▽

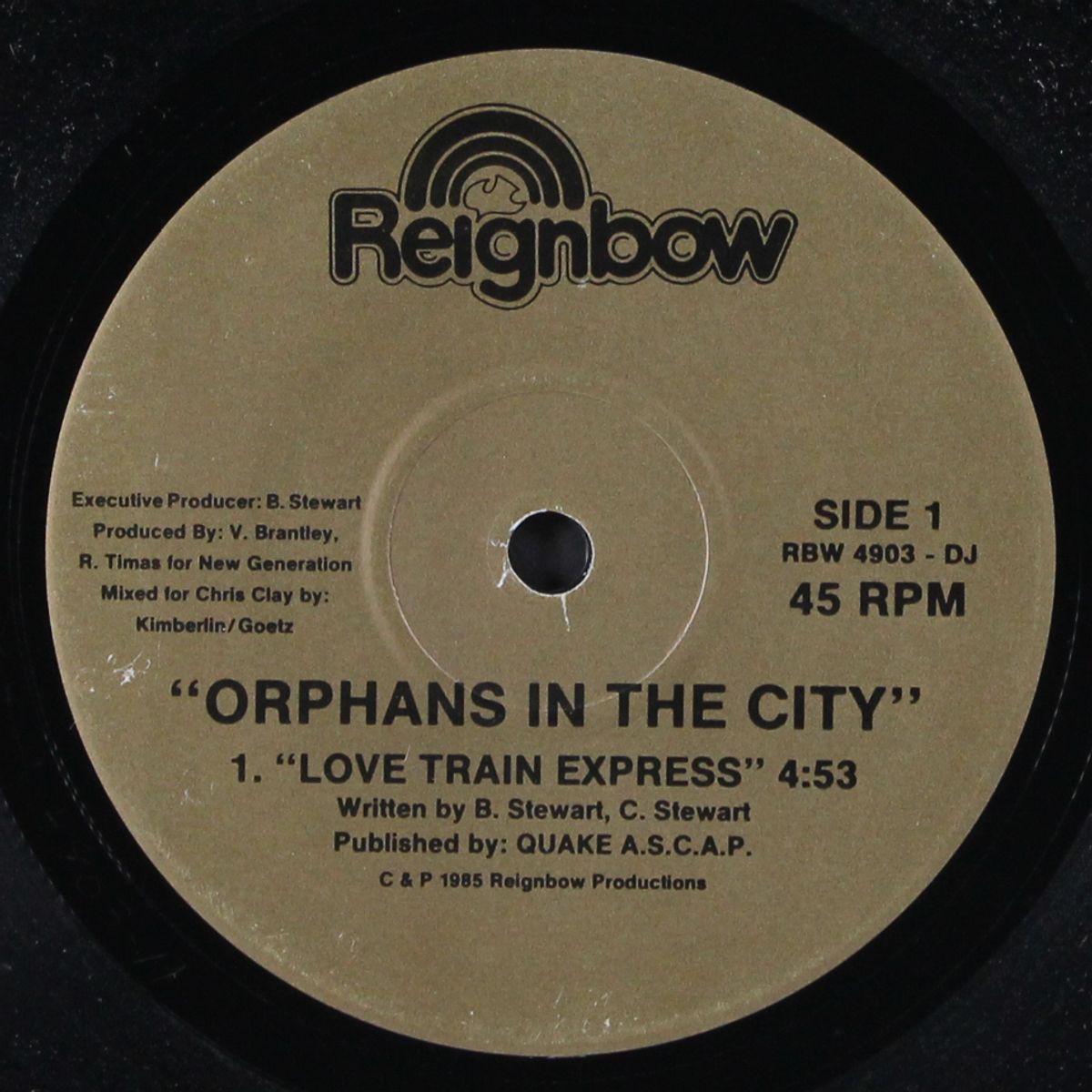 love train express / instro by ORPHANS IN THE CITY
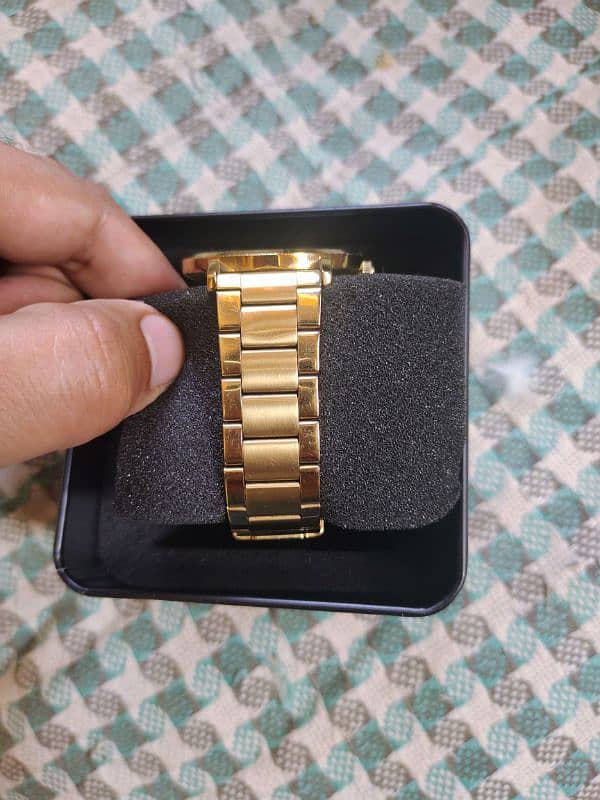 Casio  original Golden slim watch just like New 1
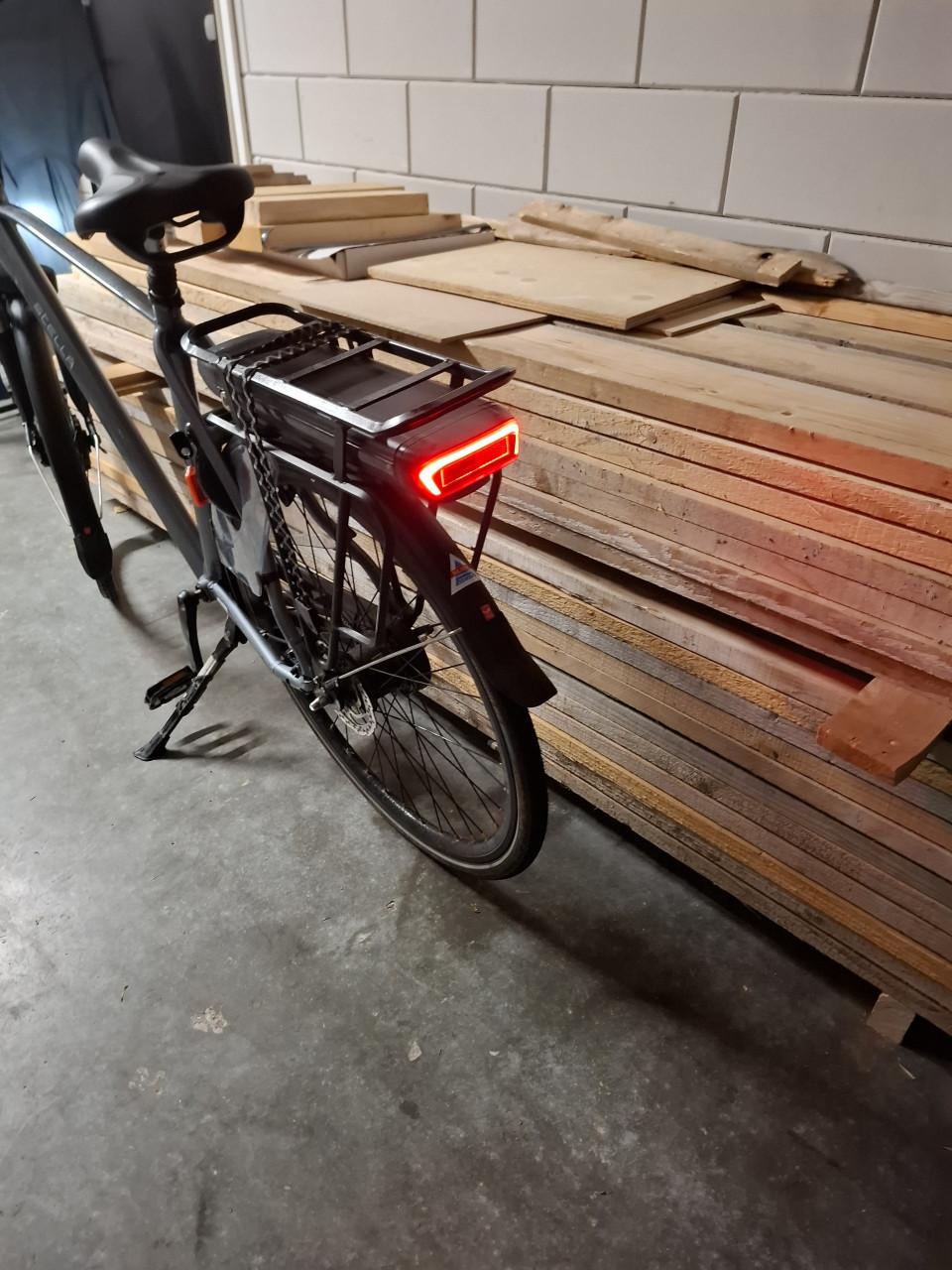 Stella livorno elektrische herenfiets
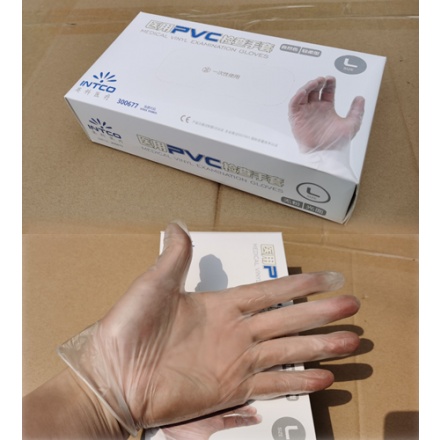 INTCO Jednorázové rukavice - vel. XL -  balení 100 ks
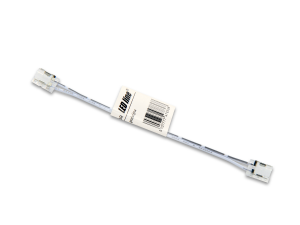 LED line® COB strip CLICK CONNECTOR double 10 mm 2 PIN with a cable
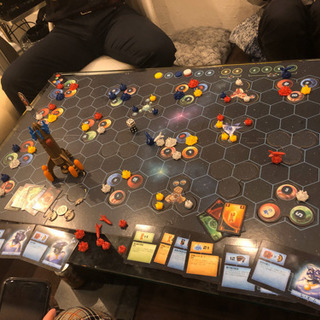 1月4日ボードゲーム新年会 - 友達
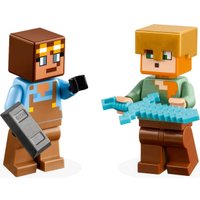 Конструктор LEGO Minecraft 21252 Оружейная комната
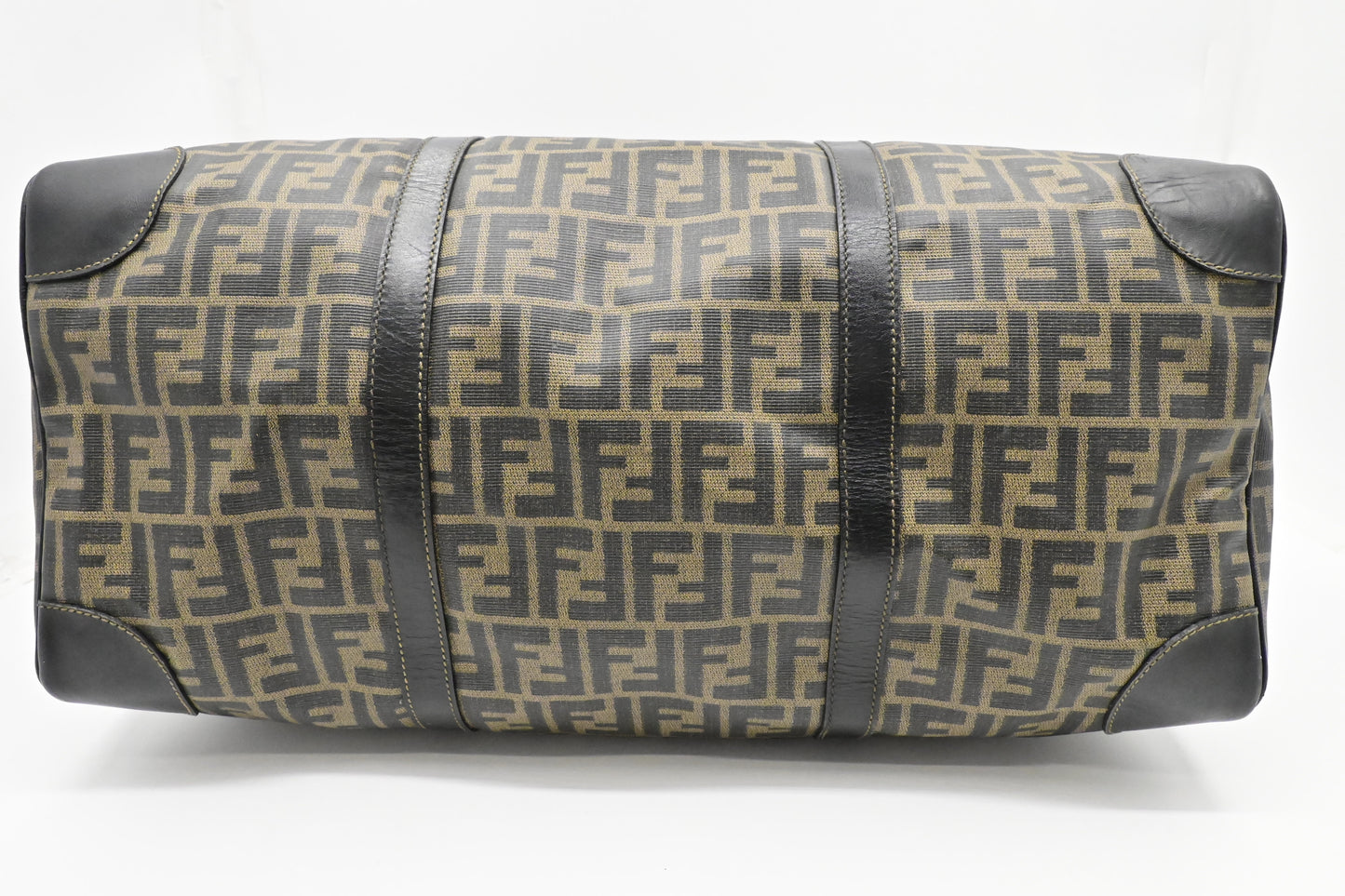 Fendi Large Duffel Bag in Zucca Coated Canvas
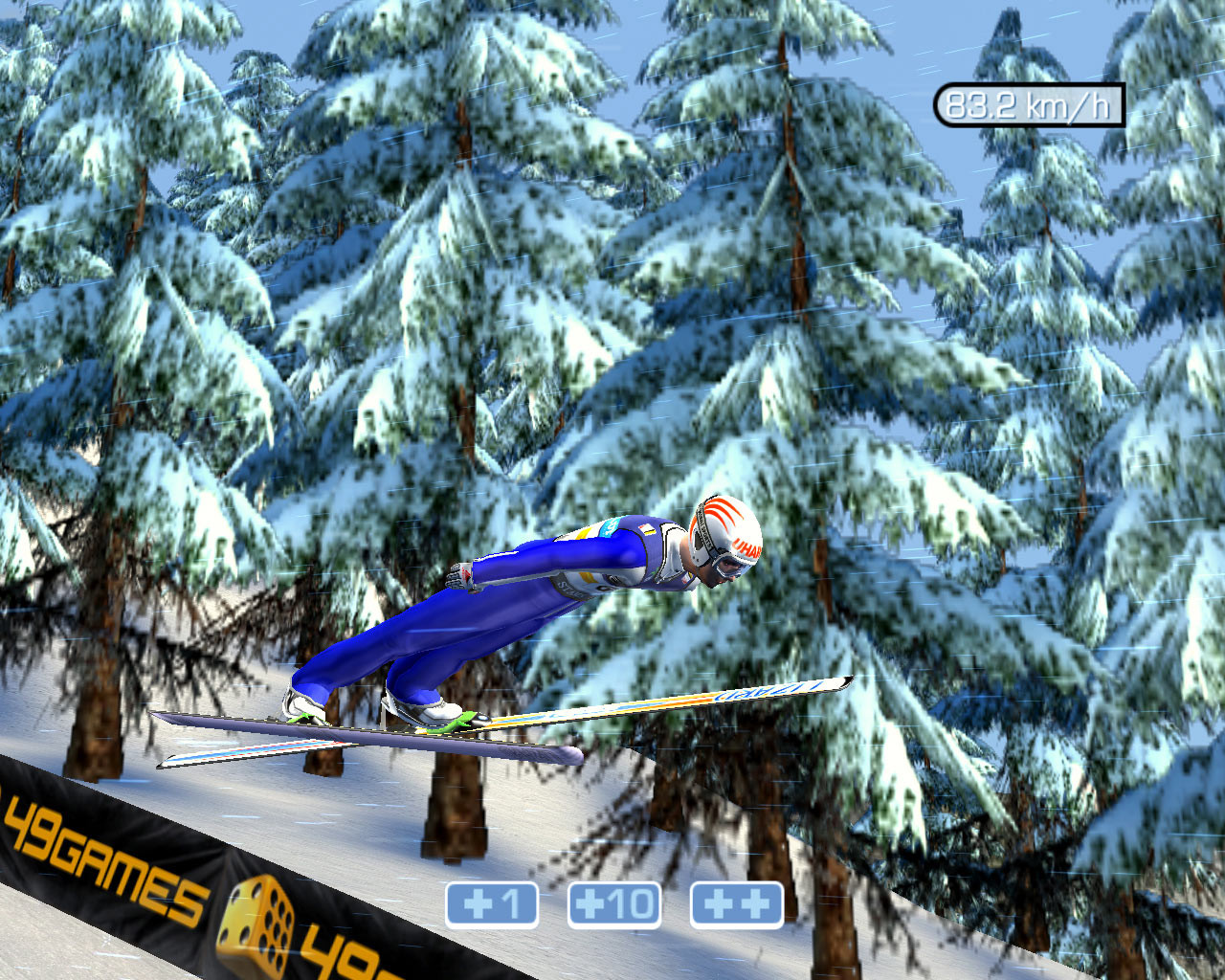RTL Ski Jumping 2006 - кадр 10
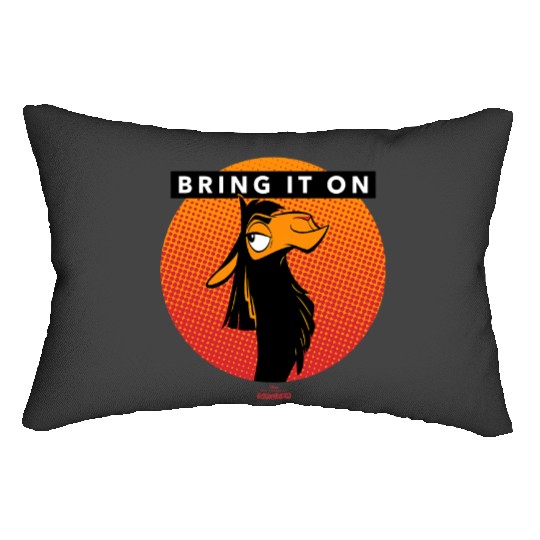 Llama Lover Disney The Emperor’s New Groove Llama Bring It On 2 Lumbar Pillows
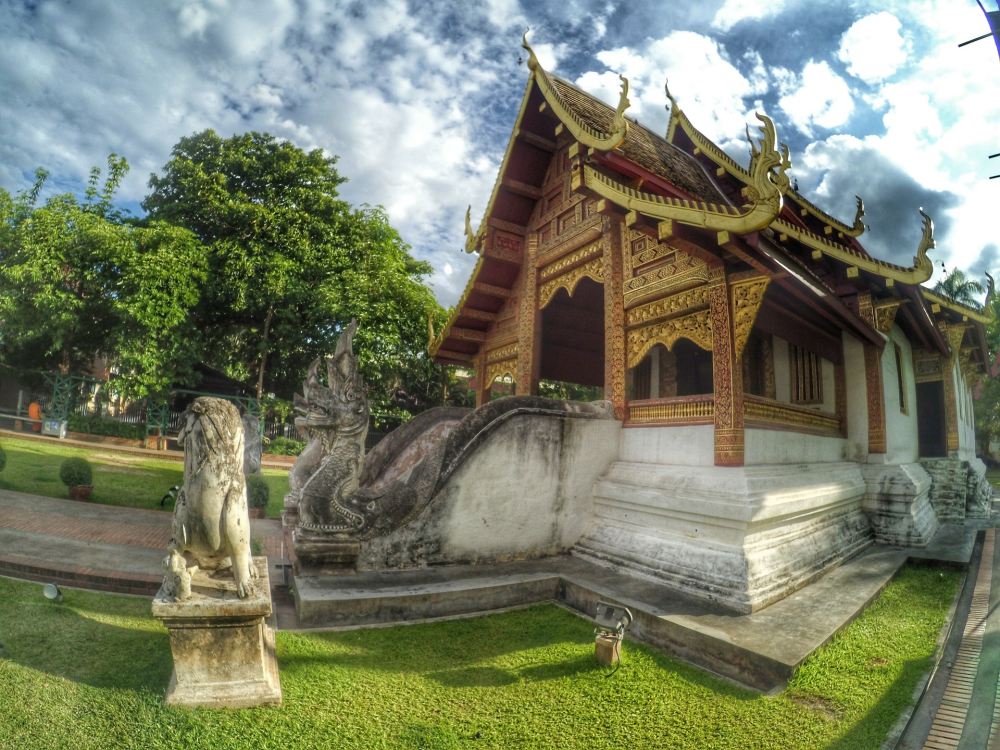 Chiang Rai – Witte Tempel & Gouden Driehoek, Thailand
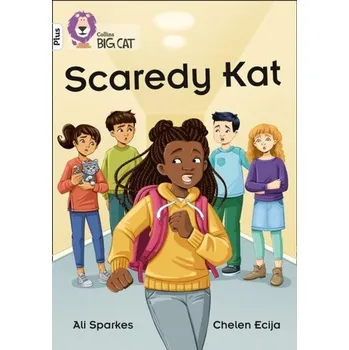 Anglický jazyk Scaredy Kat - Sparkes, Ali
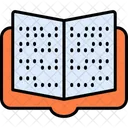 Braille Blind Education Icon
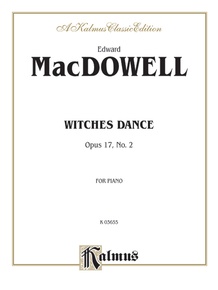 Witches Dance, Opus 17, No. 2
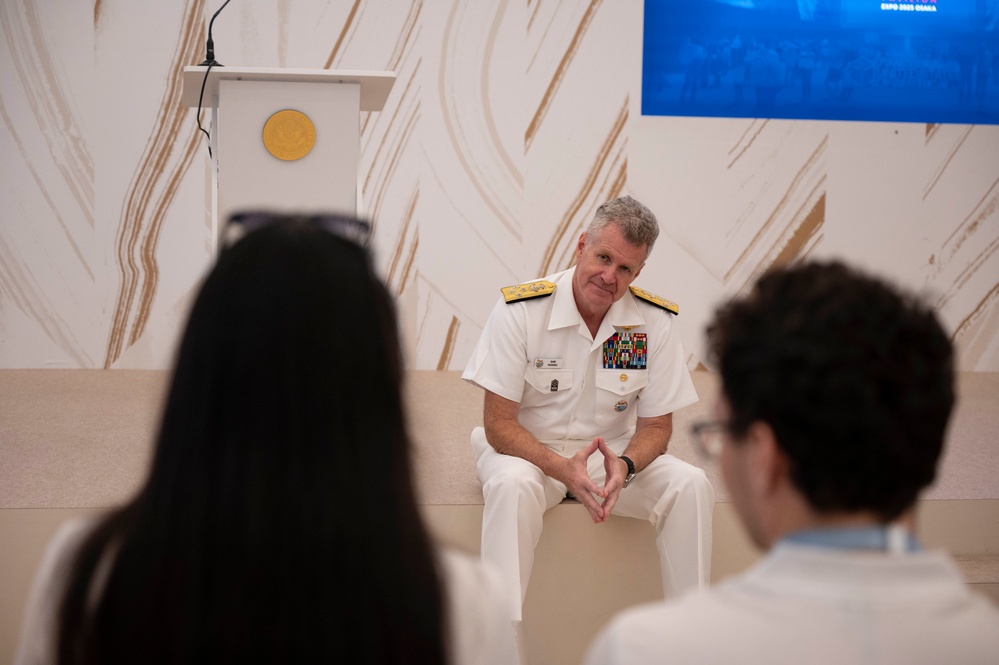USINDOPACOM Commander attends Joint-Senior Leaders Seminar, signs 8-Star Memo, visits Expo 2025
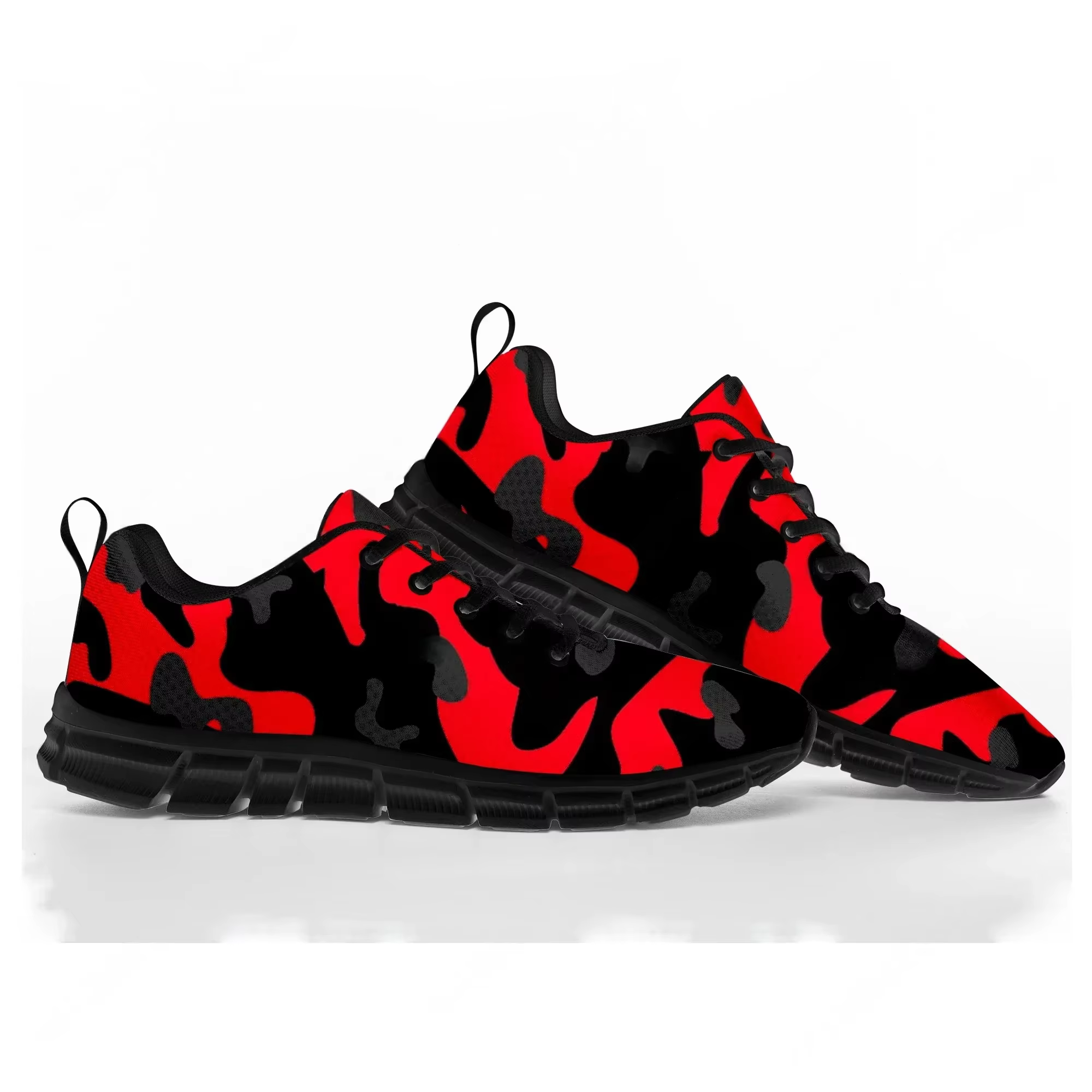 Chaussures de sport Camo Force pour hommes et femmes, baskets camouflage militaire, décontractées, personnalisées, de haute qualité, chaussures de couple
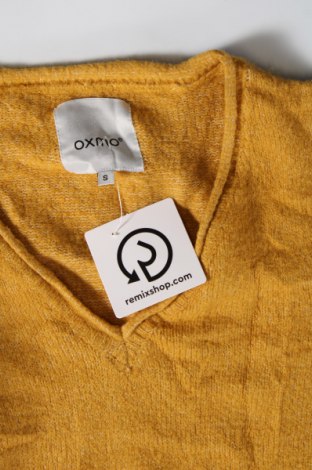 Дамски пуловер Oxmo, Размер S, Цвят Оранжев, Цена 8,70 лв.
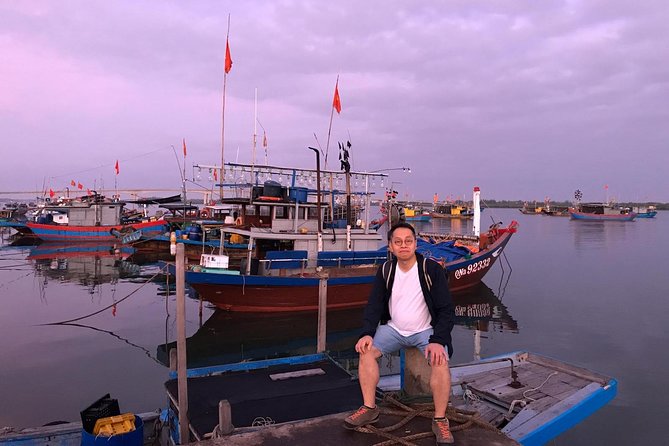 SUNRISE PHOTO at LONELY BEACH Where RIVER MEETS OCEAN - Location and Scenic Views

△

- **TASK OBJECTIVE**
In the records above, everything from the line with "Anglický jazyk Scaredy Kat - Sparkes, Ali" down to the line with "USINDOPACOM Commander attends" is to be set down exactly, both ends included, with no pictures and no other lines.

- **EXERCISE SOLUTION**
 Anglický jazyk Scaredy Kat - Sparkes, Ali
 Braille Blind Education Icon
 Witches Dance, Opus 17, No. 2
USINDOPACOM Commander attends Joint-Senior Leaders Seminar, signs 8-Star Memo, visits Expo 2025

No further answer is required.